Returning to the earlier theme of how things can change in an instant when life gets in the way, featuring echoing backing vocals and set to a lurching sway in the Rendezvous Café in Downtown Stornoway on a Friday evening in the Autumn of 1975, ‘Accident Or Design’ talks of parting ways with four mates hanging out “Not knowing this is the last night/It will ever be this way” with one off to college and then sea, another to start work in the factory, one about to sign on and, like those in ‘Torn’, the narrator “scared of leaving/And scared of staying around”.

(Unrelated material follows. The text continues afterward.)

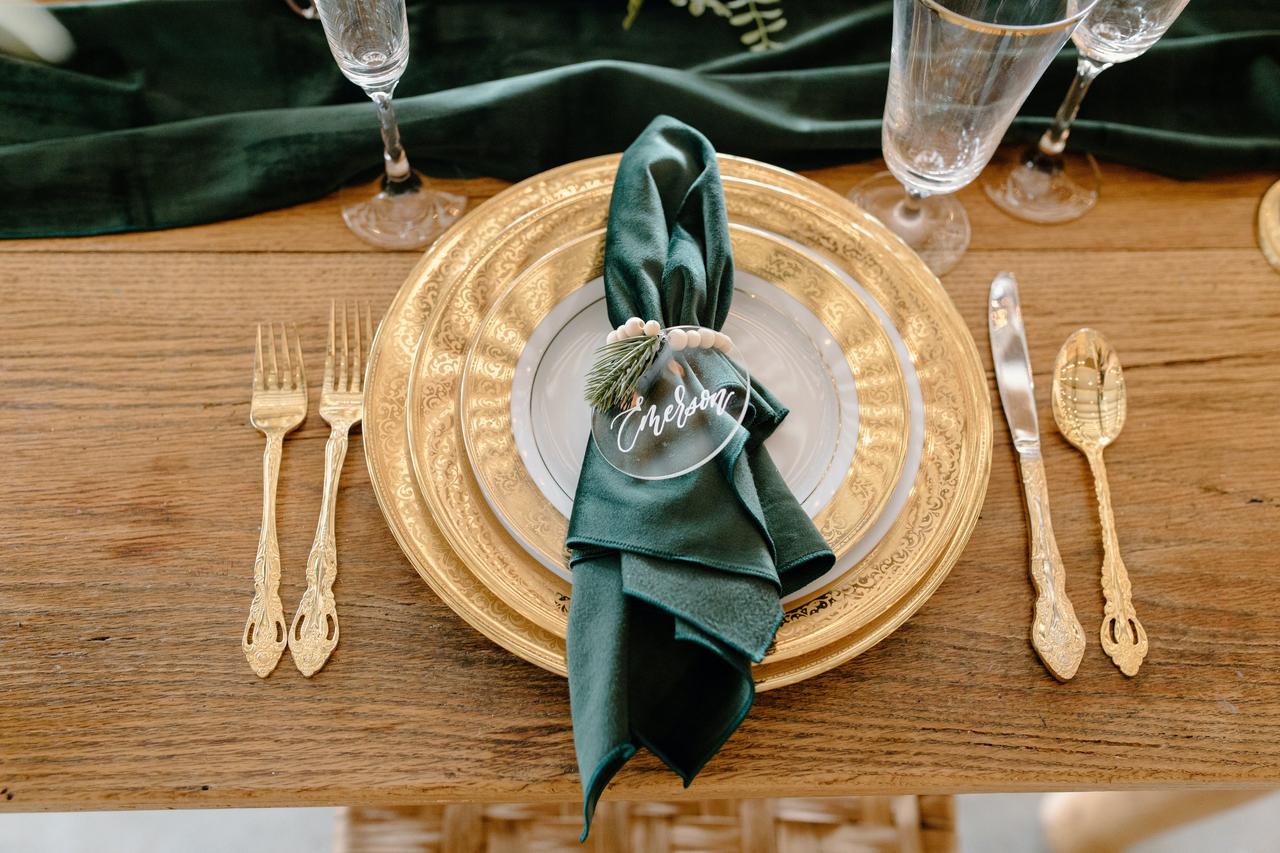 Wedding table place mat with a gold plate and green napkin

Torn ends as it began with bittersweet spoken word, a childhood memory of a summers spent on ‘Suilisgeir’, a village close to the sea on the isle of Lochmaddy, “now empty/each winter moving nearer the sea/They say/It would take a foolish man’s money to repair the pebbles and concrete/Would I had it”. You don’t have to come from the Hebrides to feel the emotional resonance of the love for home and the loss that the years brings that suffuse the magical album.